Chances are, someone reading this sentence has seen a video of the NYPD committing assault or other abuse on the streets of New York City—likely within the past week.
Social media has changed the dynamics of witnessing police misconduct of all types, from discrimination to extrajudicial murder. But previously in New York, the right to make a complaint as a witness was limited to people who were physically present.
Now, with a new ruling from the New York County Supreme Court’s Appellate Division (First Department), a person witnessing misconduct online can file a complaint with the NYC Civilian Complaint Review Board (CCRB), the largest official police accountability agency in the nation. That’s a big upgrade from hoping that your tweet is seen by an in-person witness.
Confirmation of this change follows litigation that started after a city regulation was amended to allow “reporting non-witnesses” to petition CCRB. Police unions are used to bullying politicians and regulators to avoid meaningful accountability, and Pat Lynch, president of the Patrolmen’s Benevolent Association (PBA), duly filed a lawsuit* to block the amendment.
Even judges are no longer so willing to give cops a pass for everything.
Lynch and others who want the CCRB to ignore viral videos of officers abusing people in broad daylight scored an initial win from Manhattan Judge Melissa A. Crane, who found that the new regulation would cause a “mass influx of complaints based on unreliable information.”
But a majority of the judges on the appellate panel reversed Judge Crane’s decision on May 28, and did not mince words in telling her to put her comments back in her pocket. It was a fitting sign of the nation’s mood, coming three days after Americans and the world first watched a white Minneapolis PD cop kneel on the windpipe of George Floyd until he died. Even judges are no longer so willing to give cops a pass for everything.
Responding to Judge Crane’s central qualm, the panel found that the CCRB had more than adequate means to sift out bunk online allegations from those with grounds. The amended regulation lists factors like “the nature and/or severity of the alleged misconduct” and “the numbers of complaints received by the Board regarding the incident” among those that the CCRB should consider when deciding whether to open an investigation.

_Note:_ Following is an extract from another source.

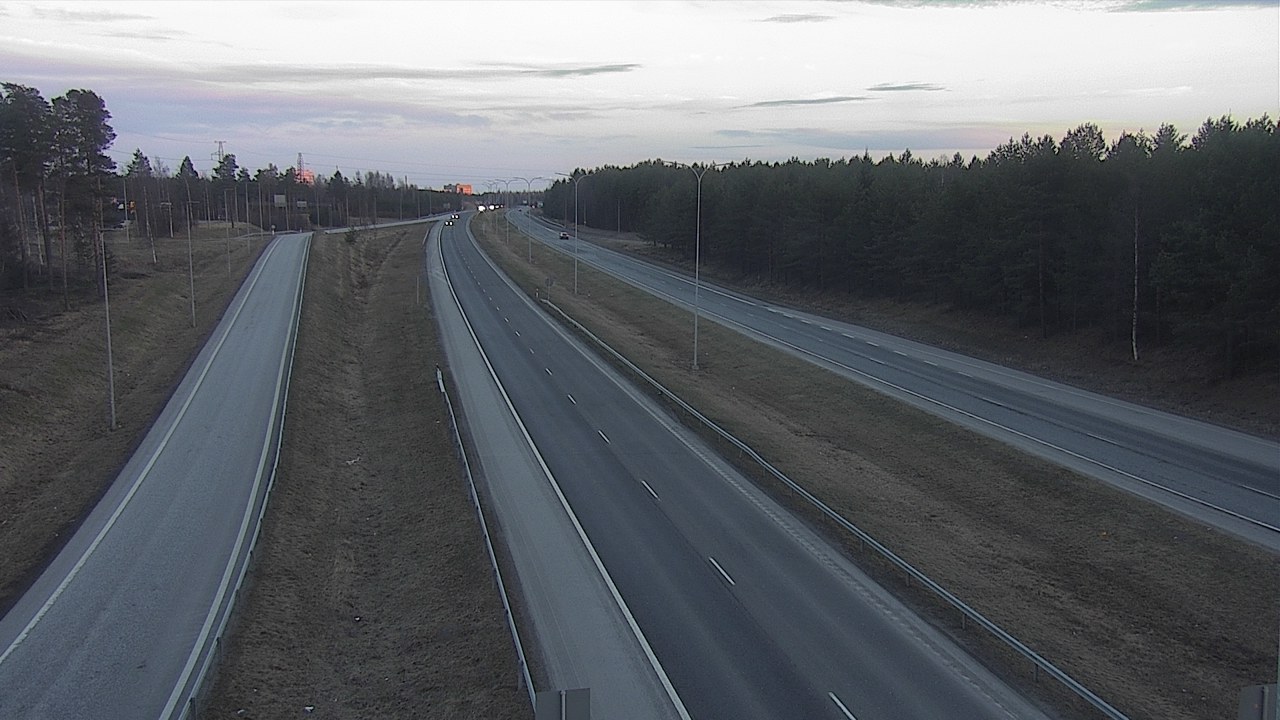 Weather Camera Image Väg 4 Oleåborg, Pateniemi, Oulu, Pohjois-Pohjanmaa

The CCRB was founded in 1993, and has long faced criticism from people harmed by police violence for being gutless and weak. After NYPD officers were caught on video throwing a visibly pregnant woman to the ground and beating her in 2015, one officer simply lost a few vacation days. Dennis Flores, who formed a police accountability group called El Grito in Sunset Park, said “We all believe the CCRB is a joke. It’s a waste of time.”
Mild consequences for brutality are unfortunately part of the CCRB’s deal with the city, which requires the NYPD to consent to the agency’s oversight power. Despite that agreement, the city’s main police union trashes the CCRB in the media, with one 2019 newspaper ad paid for by the union portraying the agency as a cloaked gravedigger burying people’s jobs.
Amid built-in limitations, the CCRB has made significant efforts to make its work more effective. In 2015, Mina Malik, its former executive director, added “an option for complainants or victims to disclose their sexual orientation or gender identity” to the CCRB. During Malik’s tenure, the CCRB saw an uptick of substantiated complaints from 11 percent in 2010 to over 20 percent in 2015—an improvement she credited to “the availability of video evidence.”
In the CCRB’s statement on the result of the new lawsuit, Board Chair Fred Davie said: “The Appellate Division’s ruling today is a major step toward bringing our system of police accountability into the 21st century.” He continued, “In an age when anyone, anywhere can see police misconduct on social media, the evening news, or elsewhere, any requirement for an individual to have personally witnessed misconduct simply is an impediment to the disciplinary process.”
Another amended rule in dispute—which would have permitted the CCRB to investigate sexual misconduct claims against NYPD officers, instead of such complaints being investigated by an internal NYPD department—was thrown out, but only because the CCRB failed to go through the correct rulemaking process under law. The appellate panel did not suggest that this change would exceed CCRB’s authority, however, and the agency has promised to continue pursuing it through the rulemaking process.
Photo of NYPD at a recent Black Lives Matter protest by Helen Redmond.
*Patrick J. Lynch and the Patrolmen’s Benevolent Association of the City of New York v. New York City Civilian Complaint Review Board, Frederick Davie, and James P. O’Neill.